[Scraped caption text data]
====

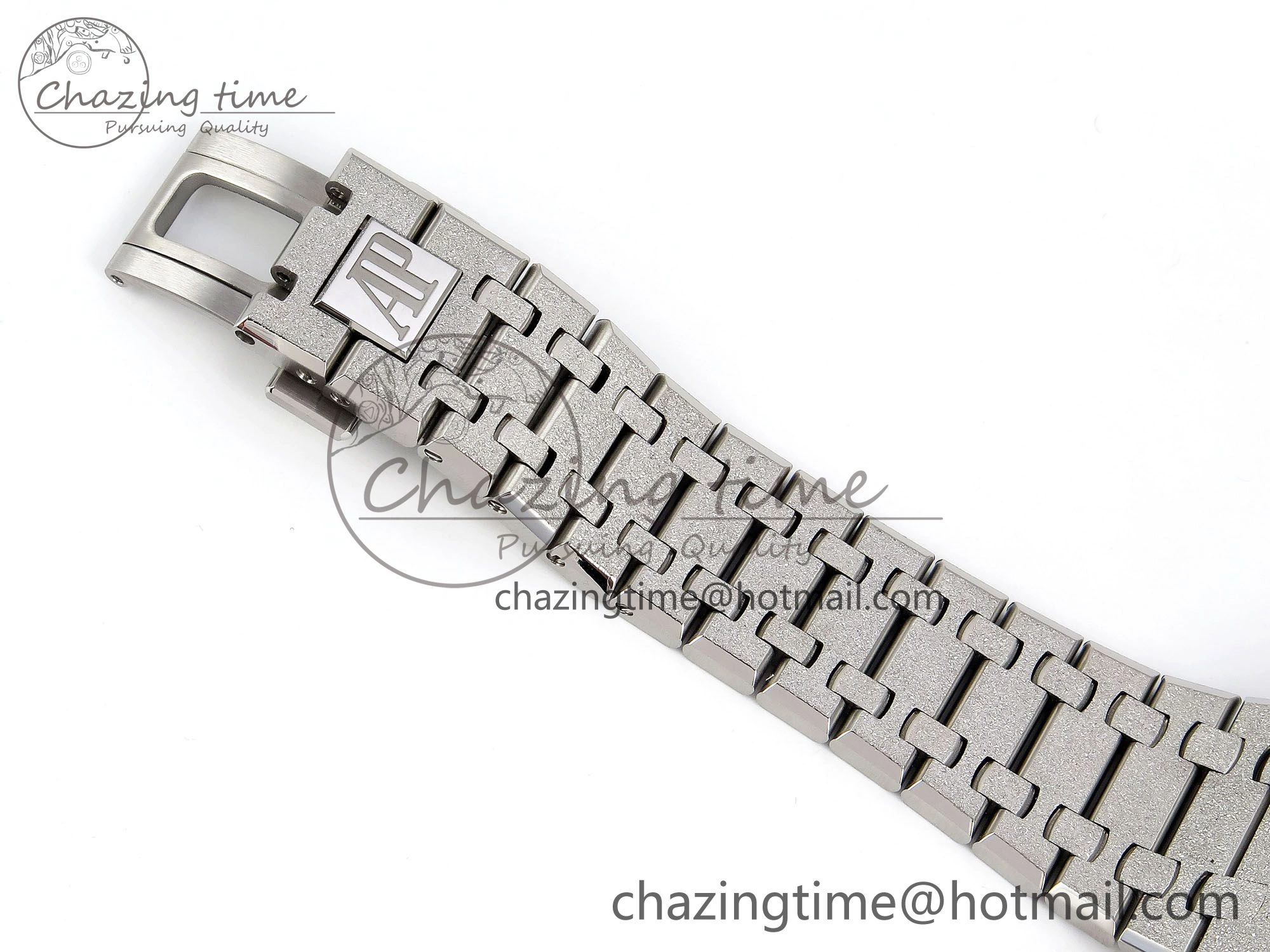 Comfortable Royal Oak 41mm 15510 Frosted SS APSF 1:1 Best Edition Black Textured Dial on SS Bracelet SA4302 Super Clone 4416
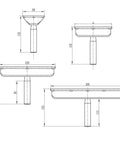 Heavy Duty 1 Inch Diameter Woodturning Lathe Tool Rest Set with three angles showing measurements for precise tool positioning.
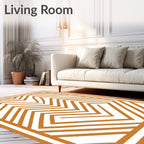 Amber Zigzag Geometric Maze Rug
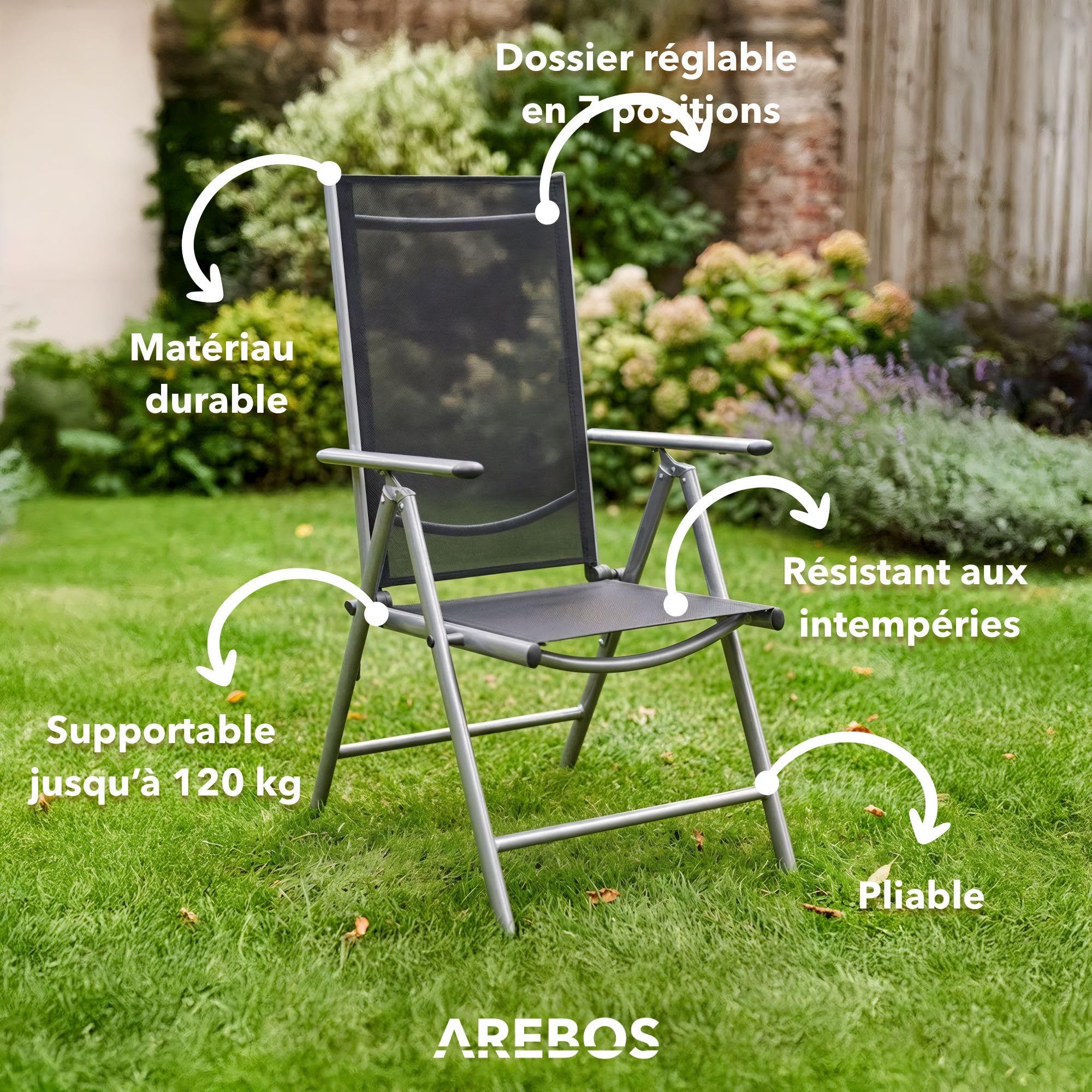 AREBOS Lot de 4 Chaises de Jardin Pliables à Dossier Haut | Dossier Réglable 7 Positions Jusqu’à 150° | Aluminium | Résistantes aux Intempéries et UV | Charge 120 kg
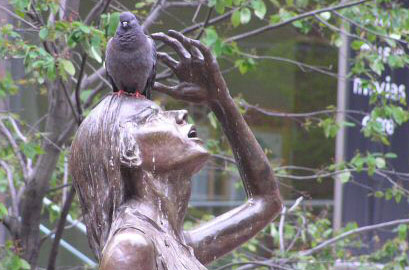 Irish Famine Memorial statue with a pigeon on her head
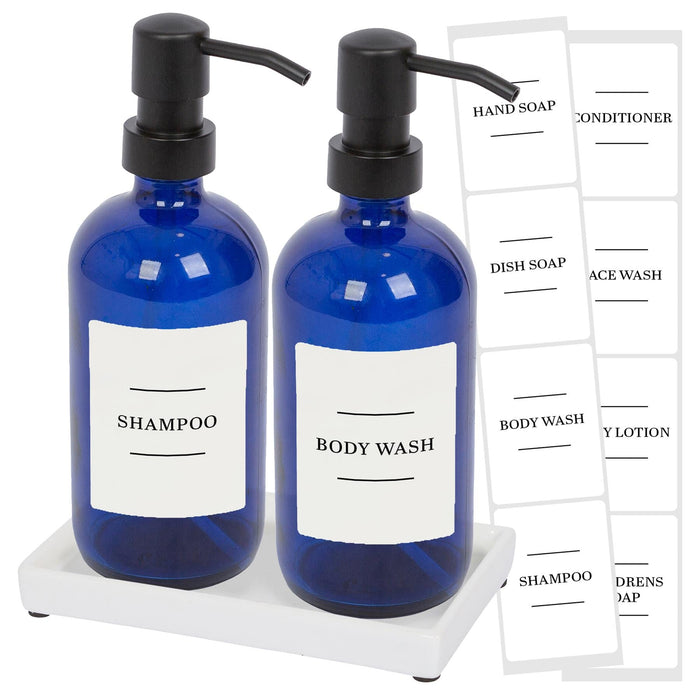 2pc 500ml Blue Glass Soap Dispenser with White Labels & Ceramic Tray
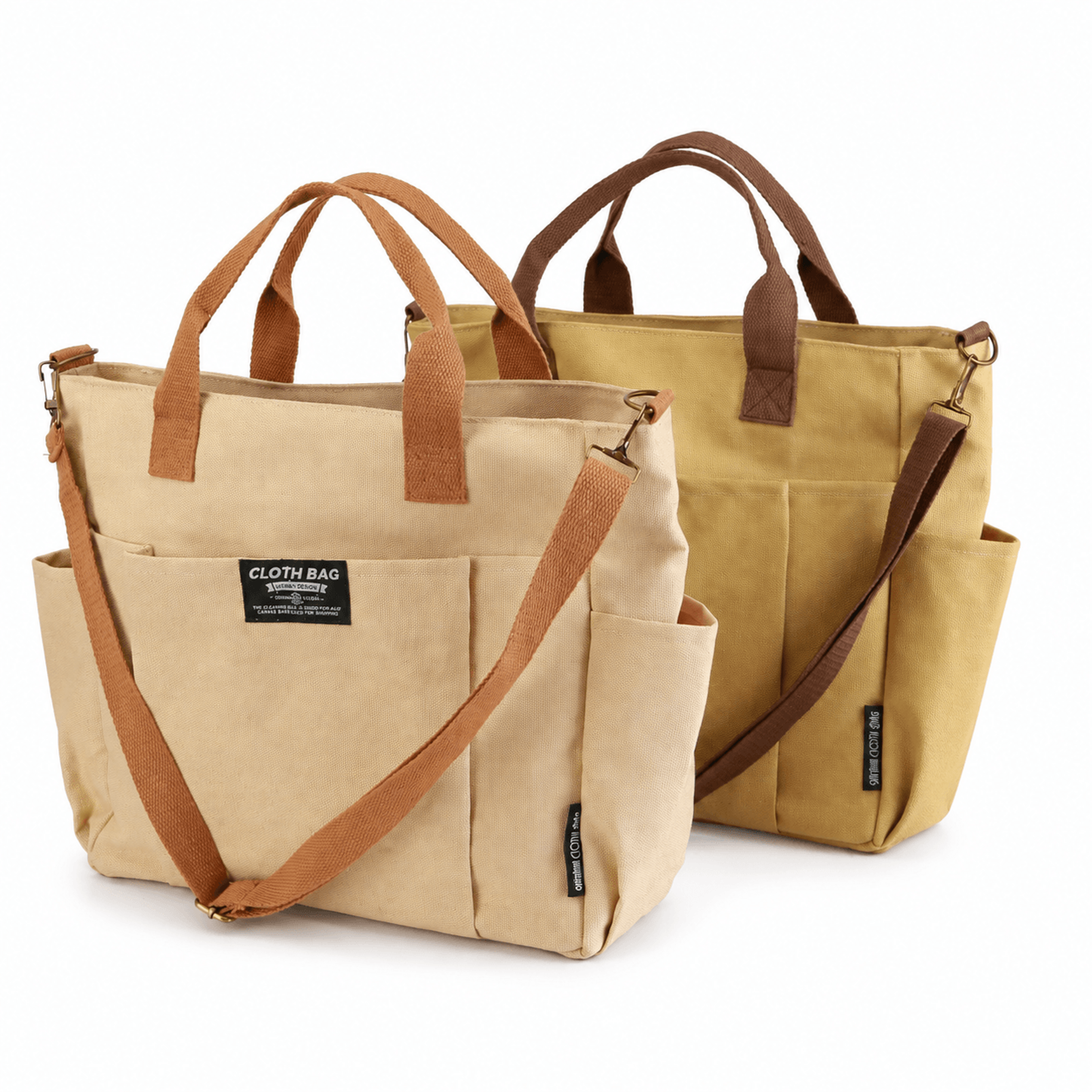 japanese style multi pocket canvas tote bag laptop shoulder bag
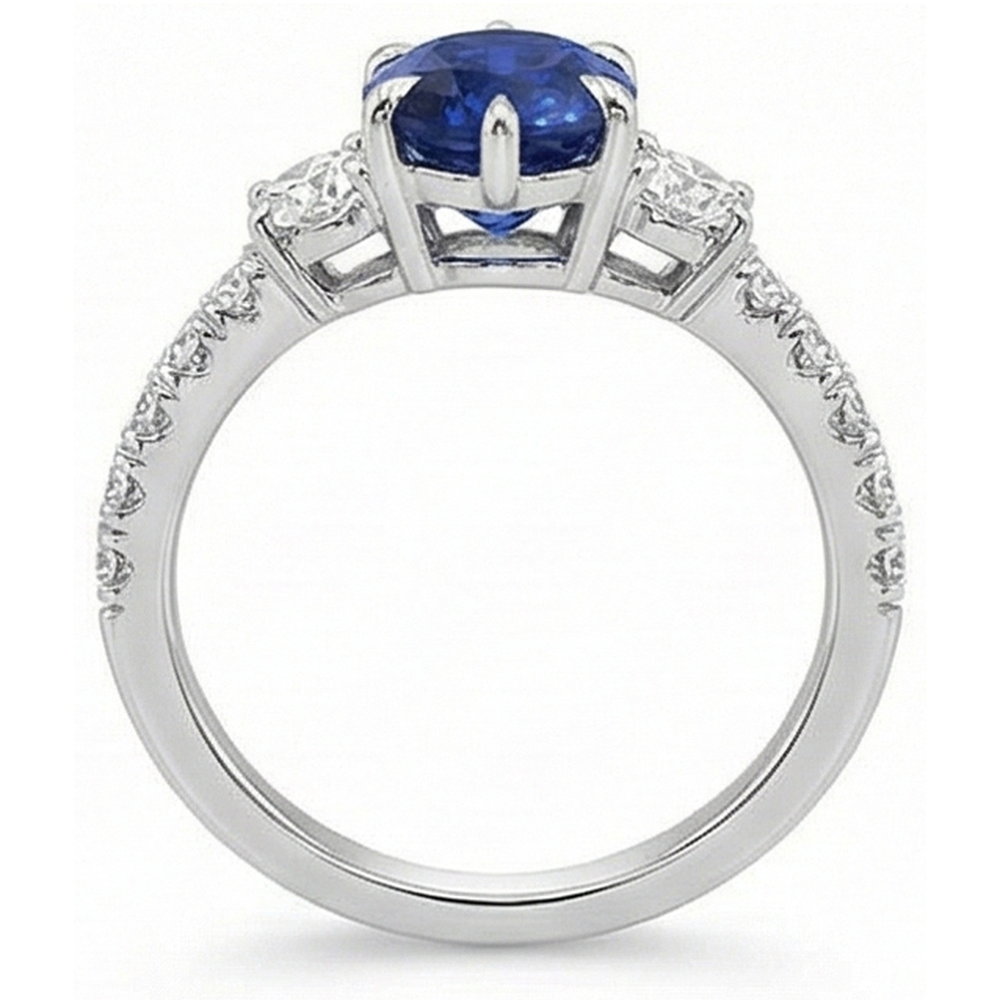 Natural Real ( Not Lab Grown )  Gold Anniversary Solitaire Blue Sapphire With Accents Ring 4.50 Carats
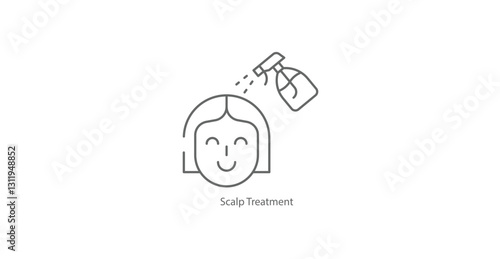 Scalp Treatment Hair Care Vector Icon Set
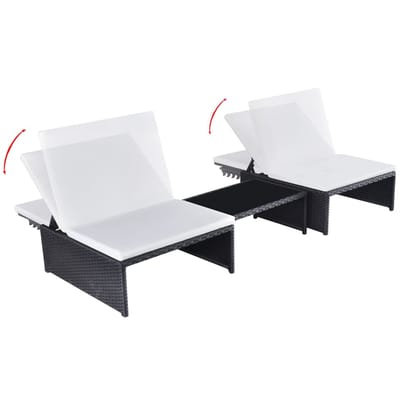 vidaXL - Tuinstoelen - 2 - st - verstelbaar - met - tafel - poly - rattan - zwart
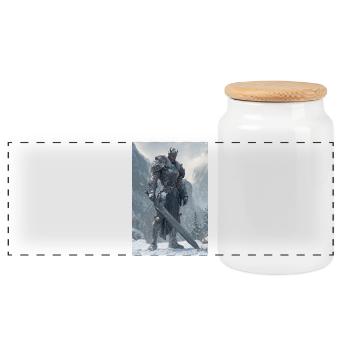 Armure de givre de seigneur de guerre - Boîte à biscuits avec couvercle en bois - blanc - Devant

====

_What is being asked_: The lines from the one containing "Irish Famine Memorial" to the last line of the records, both included: print exactly those and nothing else, leaving out any pictures.

_Solution to this problem_:
 Irish Famine Memorial statue with a pigeon on her head
 2pc 500ml Blue Glass Soap Dispenser with White Labels & Ceramic Tray
 japanese style multi pocket canvas tote bag laptop shoulder bag
 Natural Real ( Not Lab Grown )  Gold Anniversary Solitaire Blue Sapphire With Accents Ring 4.50 Carats
 Scalp Treatment Hair Care Vector Icon Set
 vidaXL - Tuinstoelen - 2 - st - verstelbaar - met - tafel - poly - rattan - zwart
 Armure de givre de seigneur de guerre - Boîte à biscuits avec couvercle en bois - blanc - Devant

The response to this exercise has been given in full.